• [YOUR TASK]: Range to reproduce from the entries below: the line with "Elazığ\'da Çelik Kasayı", the line with "ZEEKR ZEEKR X", and every line in between. Give them exactly and give nothing else.
=-=-=
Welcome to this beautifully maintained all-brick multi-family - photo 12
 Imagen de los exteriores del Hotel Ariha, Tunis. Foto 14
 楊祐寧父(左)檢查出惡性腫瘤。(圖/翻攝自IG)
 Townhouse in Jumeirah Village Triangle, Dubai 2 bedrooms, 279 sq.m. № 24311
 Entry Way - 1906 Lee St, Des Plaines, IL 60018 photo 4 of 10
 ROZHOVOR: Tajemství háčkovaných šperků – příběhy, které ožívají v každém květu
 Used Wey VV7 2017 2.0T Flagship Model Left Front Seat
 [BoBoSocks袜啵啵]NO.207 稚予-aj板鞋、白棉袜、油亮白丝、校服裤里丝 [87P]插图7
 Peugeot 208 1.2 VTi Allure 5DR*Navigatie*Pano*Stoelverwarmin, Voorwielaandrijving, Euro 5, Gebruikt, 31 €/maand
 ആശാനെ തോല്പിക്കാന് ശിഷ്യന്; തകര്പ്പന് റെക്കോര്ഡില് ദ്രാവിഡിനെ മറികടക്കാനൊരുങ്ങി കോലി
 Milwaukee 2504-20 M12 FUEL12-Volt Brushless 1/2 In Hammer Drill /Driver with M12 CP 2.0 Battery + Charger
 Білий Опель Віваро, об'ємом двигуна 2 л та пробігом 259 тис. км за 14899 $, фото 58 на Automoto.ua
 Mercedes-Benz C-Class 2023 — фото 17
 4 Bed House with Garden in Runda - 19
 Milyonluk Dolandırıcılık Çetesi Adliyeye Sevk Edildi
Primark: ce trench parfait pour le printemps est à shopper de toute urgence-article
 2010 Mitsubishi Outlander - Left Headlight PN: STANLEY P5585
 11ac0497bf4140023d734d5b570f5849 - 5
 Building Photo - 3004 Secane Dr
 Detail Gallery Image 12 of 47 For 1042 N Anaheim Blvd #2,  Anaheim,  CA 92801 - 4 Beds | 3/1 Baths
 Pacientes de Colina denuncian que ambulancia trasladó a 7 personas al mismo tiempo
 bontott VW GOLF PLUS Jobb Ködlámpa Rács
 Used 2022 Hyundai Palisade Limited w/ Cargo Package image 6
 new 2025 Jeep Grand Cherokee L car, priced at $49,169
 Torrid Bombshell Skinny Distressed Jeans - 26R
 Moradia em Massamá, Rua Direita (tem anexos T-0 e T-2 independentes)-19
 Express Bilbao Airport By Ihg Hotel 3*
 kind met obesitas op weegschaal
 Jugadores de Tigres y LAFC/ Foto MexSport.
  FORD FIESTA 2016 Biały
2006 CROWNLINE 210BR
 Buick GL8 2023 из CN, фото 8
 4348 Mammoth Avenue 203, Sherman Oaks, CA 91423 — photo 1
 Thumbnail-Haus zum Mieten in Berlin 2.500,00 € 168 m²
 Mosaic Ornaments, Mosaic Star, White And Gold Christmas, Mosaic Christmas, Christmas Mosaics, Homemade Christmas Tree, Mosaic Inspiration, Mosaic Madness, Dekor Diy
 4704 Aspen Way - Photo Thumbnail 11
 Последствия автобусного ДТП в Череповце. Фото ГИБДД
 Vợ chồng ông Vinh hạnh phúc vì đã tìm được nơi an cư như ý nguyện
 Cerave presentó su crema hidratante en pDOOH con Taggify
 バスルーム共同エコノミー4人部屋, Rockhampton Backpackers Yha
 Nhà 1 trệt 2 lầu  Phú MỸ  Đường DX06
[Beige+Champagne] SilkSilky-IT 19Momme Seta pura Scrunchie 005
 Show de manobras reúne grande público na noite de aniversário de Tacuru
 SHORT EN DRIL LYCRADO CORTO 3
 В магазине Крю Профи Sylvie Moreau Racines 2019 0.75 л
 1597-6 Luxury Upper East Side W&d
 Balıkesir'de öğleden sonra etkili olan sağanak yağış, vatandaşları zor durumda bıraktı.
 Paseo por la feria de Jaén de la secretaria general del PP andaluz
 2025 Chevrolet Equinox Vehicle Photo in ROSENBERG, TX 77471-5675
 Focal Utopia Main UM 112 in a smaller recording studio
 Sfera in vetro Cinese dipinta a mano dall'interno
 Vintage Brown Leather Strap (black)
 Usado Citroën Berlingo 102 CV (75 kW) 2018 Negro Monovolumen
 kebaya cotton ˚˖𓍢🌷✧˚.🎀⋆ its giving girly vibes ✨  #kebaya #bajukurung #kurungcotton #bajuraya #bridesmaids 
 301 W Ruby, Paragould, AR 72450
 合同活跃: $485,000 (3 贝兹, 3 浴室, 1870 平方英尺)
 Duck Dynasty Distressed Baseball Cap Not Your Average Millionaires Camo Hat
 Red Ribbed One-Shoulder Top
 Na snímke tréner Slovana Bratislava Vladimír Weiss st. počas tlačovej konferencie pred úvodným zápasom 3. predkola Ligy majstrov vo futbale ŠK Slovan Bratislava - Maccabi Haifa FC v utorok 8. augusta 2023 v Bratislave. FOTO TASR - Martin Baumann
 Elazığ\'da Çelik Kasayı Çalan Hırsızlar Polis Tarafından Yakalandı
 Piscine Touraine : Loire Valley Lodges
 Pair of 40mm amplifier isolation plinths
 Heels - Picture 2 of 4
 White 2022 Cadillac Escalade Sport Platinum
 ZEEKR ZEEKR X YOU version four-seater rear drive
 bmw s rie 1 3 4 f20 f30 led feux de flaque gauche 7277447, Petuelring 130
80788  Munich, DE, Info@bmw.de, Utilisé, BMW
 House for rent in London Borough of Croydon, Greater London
=-=-=
• [TASK OUTPUT]:
 Elazığ\'da Çelik Kasayı Çalan Hırsızlar Polis Tarafından Yakalandı
 Piscine Touraine : Loire Valley Lodges
 Pair of 40mm amplifier isolation plinths
 Heels - Picture 2 of 4
 White 2022 Cadillac Escalade Sport Platinum
 ZEEKR ZEEKR X YOU version four-seater rear drive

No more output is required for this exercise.